Property Rights Alliance’ın (Mülkiyet Hakları İttifakı- PRA) 2015 yılı fikri mülkiyet hakları koruma endeksine göre Türkiye 129 ülkearasında 58. sıradadır. Türkiye’nin uluslararası yatırım çekmekte yarıştığı bölge ülkelerinden Çek Cumhuriyeti’nin 31, Polonya’nın 41, Slovakya’nın 43, Litvanya’nın 44 ve Macaristan’ın 46. Sırada olduğu listede, Türkiye fikri mülkiyet haklarının korunmasında bölgesinde bulunan bu ülkeler arasında yükselmesi sonucunda, ülkeye önemli miktarda  ek uluslararası yatırımın gelebileceği öngörülmektedir. Yatırımların artması GSYİH, ihracat ve istihdamın da doğal olarak artışını getirecektir.

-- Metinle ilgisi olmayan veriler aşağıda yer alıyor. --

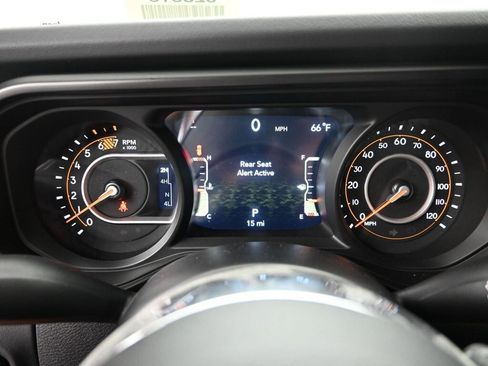 New 2025 Jeep Wrangler Unlimited Sahara image 15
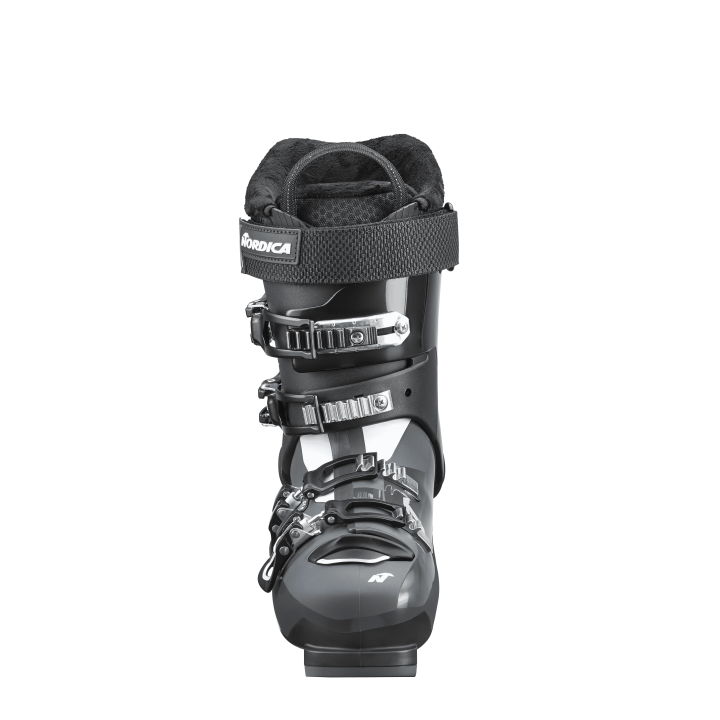 Detal: przednia część buta Nordica Sportmachine 3 65 W, widoczny Soft Flap ułatwiający zakładanie.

Türkiye’de patent ve veri koruması ile ilgili kanun ve düzenlemeler Avrupa standartlarına yakındır. Ancak Ar-Ge yatırımı çekmek ve yerli patent oranını artırmak için bu koşul tek başına yeterli değildir. İlaçlarda ruhsatlandırma için resmi makamlara sunulması zorunlu olan bilgiler “veri münhasıriyeti” olarak adlandırılan bir koruma kapsamındadır. Türkiye’de veri münhasıriyet süresi, orijinal ilacın Gümrük Birliği alanında ilk defa ruhsatlandırıldığı tarihten başlamakta ve molekülün Türkiye’deki patent süresi ile sınırlı olmak üzere 6 yıl sürmektedir. Oysa bu korumanın molekülün Türkiye’de pazara sunulma onayınıaldığı tarihten geçerli olacak şekilde ve ruhsat süresinden bağımsız olarak uygulanması gerekmektedir.

Etkin bir veri korumasının sağlanabilmesi için, ulusal mevzuatın AB’ne uyumlu olarak, yani veri münhasıriyeti süresini AB’deki gibi 8+2+1 yıl olarak belirleyecek, veri münhasıriyeti başlangıç tarihini Türkiye’deki ruhsat temin tarihi olarak düzenleyecek ve patent süresi ile veri münhasıriyeti ilişkisini kaldıracak şekilde yeniden düzenlenmesi ve uygulanması, Türkiye’nin ilaç sektöründe rekabetçiliğinin artırılması açısından büyük önem taşımaktadır.”